My church blesses my life in more ways than I can list here. I love that my church has one of the largest women’s organization in the world and that women regularly “preach” to our congregations. I love that my church provides frequent and weekly opportunities to serve others. I love that we are all volunteers. I love having a ready-made community of support no matter where we live. I love that we focus on the teachings of Jesus Christ and strive to become like Him. I love that my church honors the Divine Feminine. I love that my church has rallied around refugees seeking homes in our communities. I love how much we utilize music in our worship. I love our temples and sacred symbolism. I love that we are all imperfect people, striving to grow together toward God.
I love my church.
But… sometimes church still hurts.
There was, in fact, a period of time when I was so traumatized by something that happened at church that I felt totally unsafe in our building. Not physically unsafe but emotionally and spiritually unsafe. It was especially hard to feel spiritually unsafe in a place where I believed the Spirit should always be. When I mentioned to someone that I felt like I might not be able to go to church for awhile, this person responded by saying something like, “Well then you must not have a very strong testimony.”
You can love the gospel and love Christ and love your church and still be sufficiently traumatized or hurt to feel incapable of attending your church meetings. It happens. Ultimately, I worked hard to release the feelings of trauma, and I prayed for the ability to forgive and for strength and peace. I kept going to church, even though a part of me didn’t want to be there. Slowly I found myself able to feel comfortable in our building again. Granted, I had a new set of boundaries to keep myself safe, but at least I could once again feel peace within those walls.

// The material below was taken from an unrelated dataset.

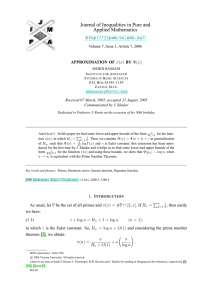 Journal of Inequalities in Pure and Applied Mathematics  APPROXIMATION OF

Church can be a trigger for PTSD. Church can be a trigger for panic attacks. Church can be terrifying for those with social anxiety. Church can be excruciating for those who are single or experiencing fertility struggles. Church can be torture for members with debilitating shame or perfectionism. Church can feel terribly, horribly isolating for anyone who doesn’t “fit the mold.” Church can feel like a painful facade when your father is pretending to be a “good church member” and meanwhile molesting or beating you at home. (It happens.) Church can sometimes make those most in need of a weekly spiritual feast feel uncomfortable, unwanted, unworthy, unseen, and underrepresented. Sadly, church isn’t always a place where people feel safe.
If you don’t feel safe going to church, please know that it’s nothing to be ashamed of. What matters is that God loves you whether you’re afraid of church or not. God knows your heart and your desire to be a disciple. God knows all of your history and all of the large and small events and heartaches that brought you to this point. No one else can know all the reasons that going to Church may make you feel sick to your stomach or full of panic. But God knows. God’s love is there for you no matter what your church attendance record says.

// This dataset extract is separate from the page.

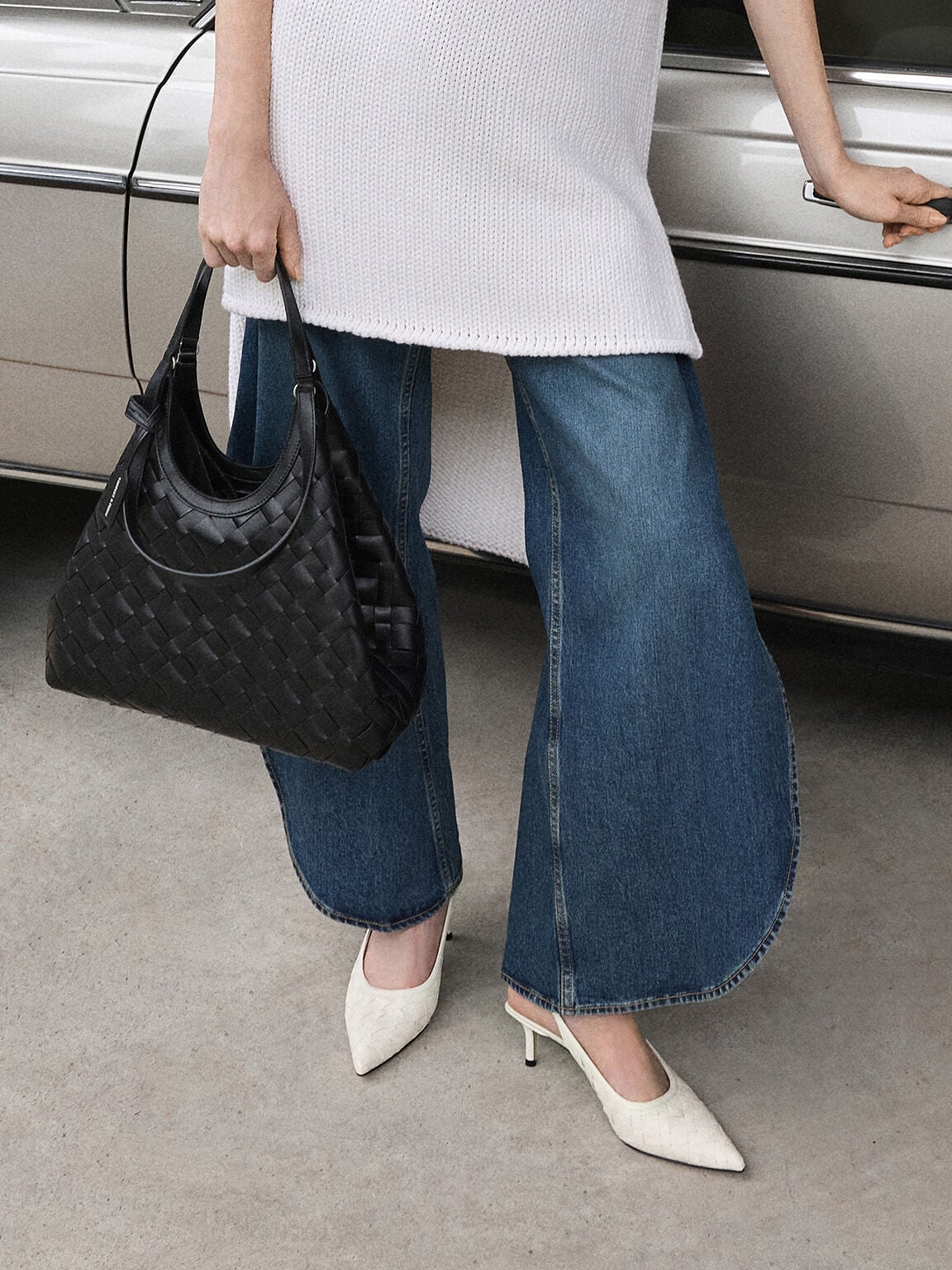 CHARLES & KEITH Special Offer / Ivette Woven Tote Bag - Noir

Who shall separate us from the love of Christ? shall tribulation, or distress, or persecution, or famine, or nakedness, or peril, or sword? . . . Nay, in all these things we are more than conquerors through him that loved us. For I am persuaded, that neither death, nor life, nor angels, nor principalities, nor powers, nor things present, nor things to come, Nor height, nor depth, nor any other creature, shall be able to separate us from the love of God, which is in Christ Jesus our Lord” (Romans 8:35,37-39).
Maybe you feel unheard or unseen or like you’re the only one. But you’re not. You aren’t alone. Lots of people struggle in similar (and different) ways. We are one big, imperfect, struggling, striving, and sometimes failing family. Heartache and pain and fear and loneliness and illness. They’re all a part of this family. But you are wanted and needed and loved, regardless of your personal struggles. You are wanted and needed and loved, regardless of whether you come every week or once or twice a year. If sometimes church feels scary, know you are not alone. It’s sometimes scary for lots of people.
I know God will stretch forth His hand toward you in any way and every way possible until your heart is healed and safe and whole. Maybe that will happen in a church building. Or maybe not. But somewhere there is someone God is prompting to show you His love, to reach out and lift you. And I hope that someday, when you’re ready to give it another chance, church will feel like a safe place again.